Although this study validated the experimental and numerical performance of the ICST system, further research is needed to optimize its scalability and evaluate it under real-world operating conditions in specific communities. In addition, seasonal and climatic variations may influence the performance of solar-driven desalination systems. Variations in solar radiation, cloud cover, and ambient temperature throughout the year may modify the thermal energy available for the Fresnel subsystem and the condensation conditions in the dehumidification chamber, potentially affecting freshwater production rates. Therefore, long-term evaluations under different climatic conditions are recommended to better assess the operational stability of the ICST system. Furthermore, it is essential to integrate sustainable brine management strategies aligned with the appropriate technology approach.

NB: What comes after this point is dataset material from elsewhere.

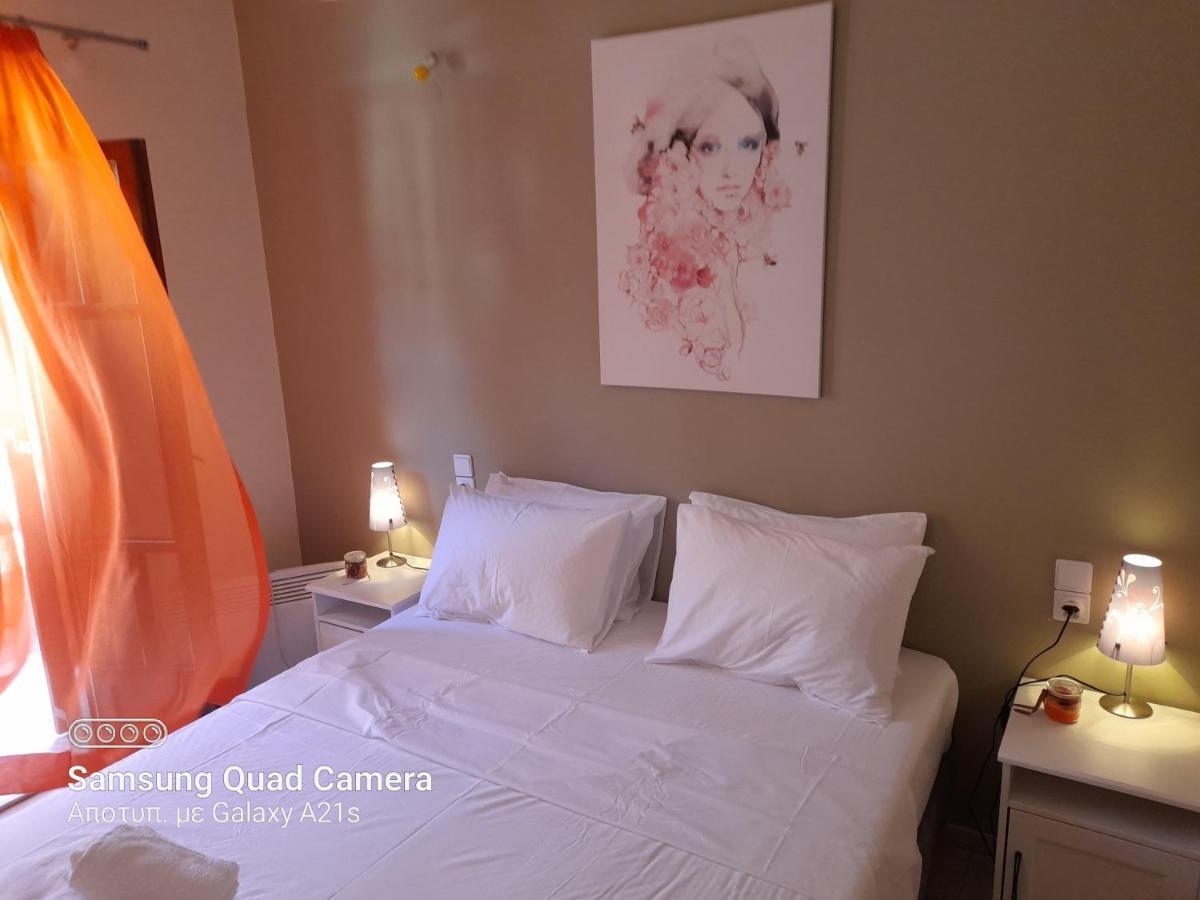 Antoine Apartment Sea Side Цуцурос Экстерьер фото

The results obtained in this study also reveal several research gaps that should be addressed in future investigations. In particular, further work is required to analyze the long-term operational stability of ICST systems under real seawater conditions, including potential scaling, corrosion, and fouling effects on system components. Additionally, future research should explore system optimization strategies aimed at improving thermal efficiency and freshwater productivity, as well as the techno-economic performance of modular configurations operating at larger scales. Addressing these research gaps will contribute to strengthening the applicability and transferability of ICST systems as decentralized solutions for freshwater production in regions with high solar irradiation and limited infrastructure.